Only the lines from the one with "4S4GUHD67T3768590 2026 SUBARU" through the last line of the data below are to be duplicated, exactly and without pictures.

═════ DATA SEGMENT

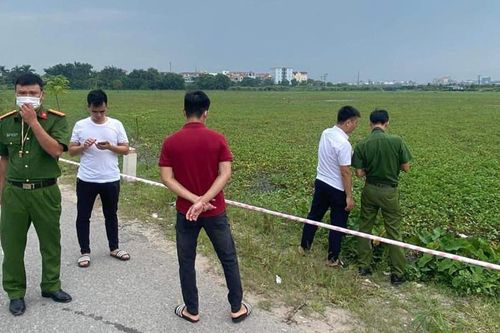 Điều tra vụ một người tử vong dưới mương nước ở Hà Nội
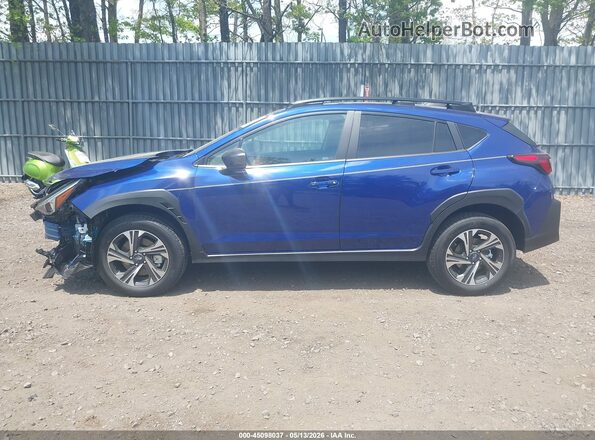 4S4GUHD67T3768590 2026 SUBARU CROSSTREK Blue 360 interior view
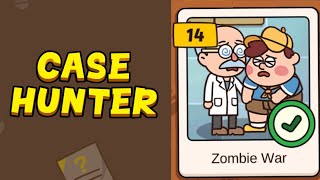 Case Hunter - Can you solve it? - Level 14 (Zombie War) screenshot 3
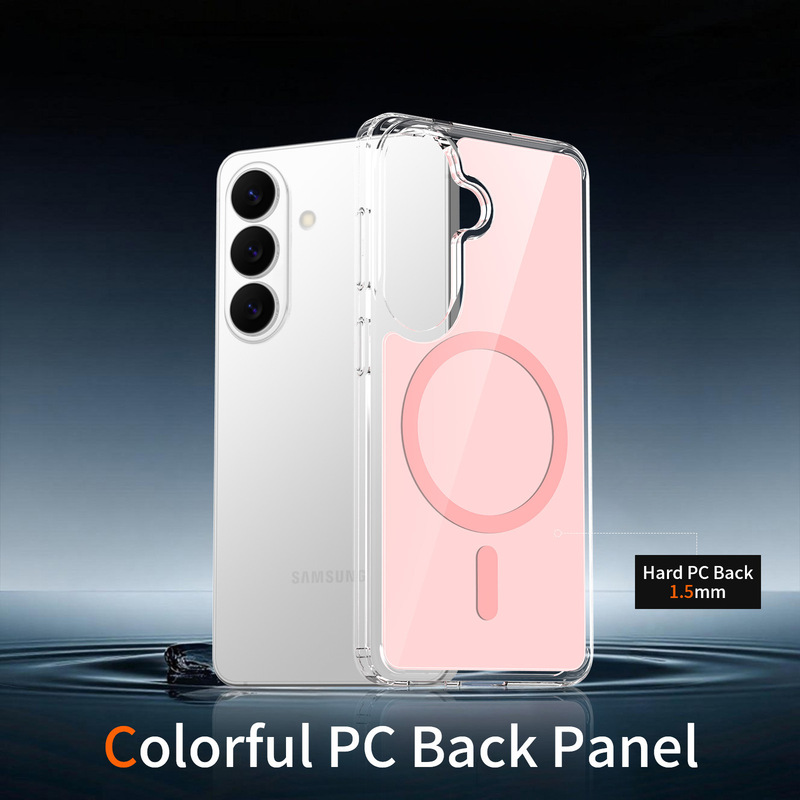 Samsung S26 Plus Magnetic Phone Case, Simple Business Style, Tpu+Pc Two-In-One Sturdy Protective Phone Case Samsung S26 Plus Magnetic Phone Case, Simple Business Style, Tpu+Pc Two-In-One Sturdy Protective Phone Case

══════════

### EXERCISE RESPONSE
 4S4GUHD67T3768590 2026 SUBARU CROSSTREK Blue 360 interior view
 Case Hunter - Can you solve it? - Level 14 (Zombie War) screenshot 3
 Samsung S26 Plus Magnetic Phone Case, Simple Business Style, Tpu+Pc Two-In-One Sturdy Protective Phone Case Samsung S26 Plus Magnetic Phone Case, Simple Business Style, Tpu+Pc Two-In-One Sturdy Protective Phone Case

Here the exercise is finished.